# Breakdown
Tactics Board: Ruthless Ireland show extra attacking intent and blow minnows Georgia away
Shane Keegan looks at the senior women’s team’s record-breaking performance at Tallaght Stadium.


BEFORE ANALYSING THIS Women’s World Cup qualifier, it’s worth applying some context to the result.

Georgia are not a good side. They are ranked 123 in the Fifa rankings and were always going to finish bottom of a group that is, aside from them, very competitive.

That said, the ruthless nature of this performance has to be given substantial credit. For all of Georgia’s flaws, they had only conceded a combined total of 9 goals in their three qualifying matches, so to score 11 in one game is a considerable achievement.

So how did Ireland do it?

Change of shape as Ireland rack up record score

katie-mccabe-is-congratulated-by-team-mates-after-scoring-her-second-goal Morgan Treacy / INPHO The Ireland players celebrating a goal. Morgan Treacy / INPHO / INPHO

Vera Pauw made four changes in personnel to her starting eleven with Diane Caldwell, Ruesha Littlejohn, Jessica Ziu and Kyra Carusa all coming into the side.

She also changed the shape but without departing from her favoured approach of three centre-halves. They remained, as did the wing-backs, but the middle of the field now saw a ‘box four’ with one central striker in front of them.

The formation change is likely to have ben prompted by Ireland’s lack of control of possession in last week’s disappointing draw at home to Slovakia.

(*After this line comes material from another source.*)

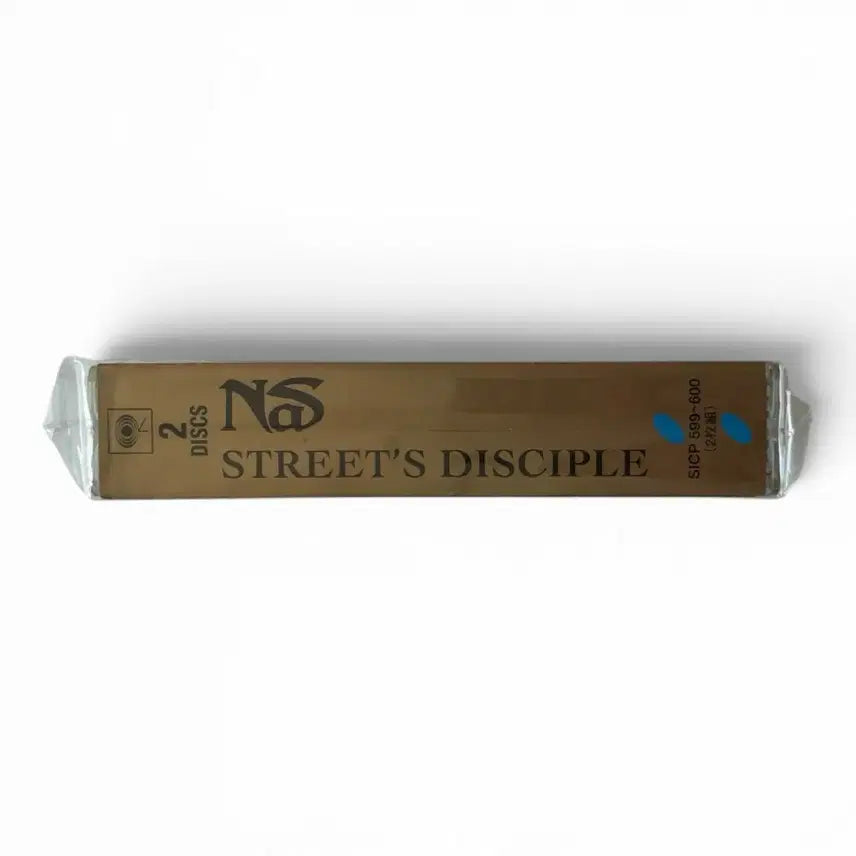 [BUNJANG] Nas Streets Disciple 2CD Japanese Edition / Nas - Streets Disciple 2CD 일판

By positioning Lucy Quinn as a second ten in this game, rather than playing her as an out-and-out forward as she had done previously, it gave the team an extra body in the creative phase of the build-up.

Early in the game, and already one-nil up, we see a great example of Ireland’s new shape.

As Denise O’Sullivan gets on the ball, we can clearly see the shape of the central midfield four. More importantly though, take a look at the positions of the wing-backs.

McCabe and Ziu are almost in line with centre forward Carusa and are both looking for the ball to go to them so that they can attack.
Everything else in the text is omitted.